🤖 AI Summary
This work addresses the challenge of evaluating the physical understanding capability of video diffusion models. We propose LikePhys, a training-free method that leverages the denoising objective as a surrogate for the ELBO likelihood to decouple physical correctness from visual fidelity. We construct a benchmark dataset comprising 12 physically diverse scenarios, each containing paired videos—physically valid versus invalid—and introduce the Plausibility Preference Error (PPE) metric, the first automatic physical plausibility evaluator achieving high agreement with human judgments (Spearman’s ρ > 0.9). Systematic evaluation across four fundamental physics domains—rigid-body dynamics, fluid motion, collisions, and gravity—demonstrates that PPE substantially outperforms existing metrics. Furthermore, we quantitatively characterize the relationships among model architecture, sampling steps, and physical reasoning capability, and reveal systematic cross-domain disparities in physical understanding performance.
📝 Abstract
Intuitive physics understanding in video diffusion models plays an essential role in building general-purpose physically plausible world simulators, yet accurately evaluating such capacity remains a challenging task due to the difficulty in disentangling physics correctness from visual appearance in generation. To the end, we introduce LikePhys, a training-free method that evaluates intuitive physics in video diffusion models by distinguishing physically valid and impossible videos using the denoising objective as an ELBO-based likelihood surrogate on a curated dataset of valid-invalid pairs.
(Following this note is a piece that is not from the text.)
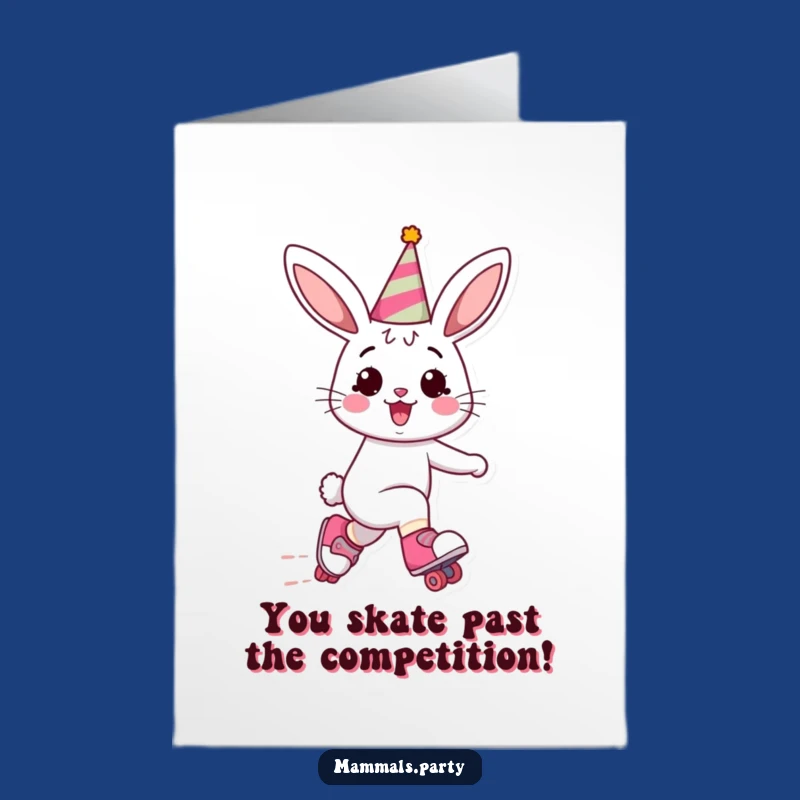 Free Printable Congrats Card: Bunny on Skates - Fun Downloadable Celebration Gift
By testing on our constructed benchmark of twelve scenarios spanning over four physics domains, we show that our evaluation metric, Plausibility Preference Error (PPE), demonstrates strong alignment with human preference, outperforming state-of-the-art evaluator baselines. We then systematically benchmark intuitive physics understanding in current video diffusion models. Our study further analyses how model design and inference settings affect intuitive physics understanding and highlights domain-specific capacity variations across physical laws. Empirical results show that, despite current models struggling with complex and chaotic dynamics, there is a clear trend of improvement in physics understanding as model capacity and inference settings scale.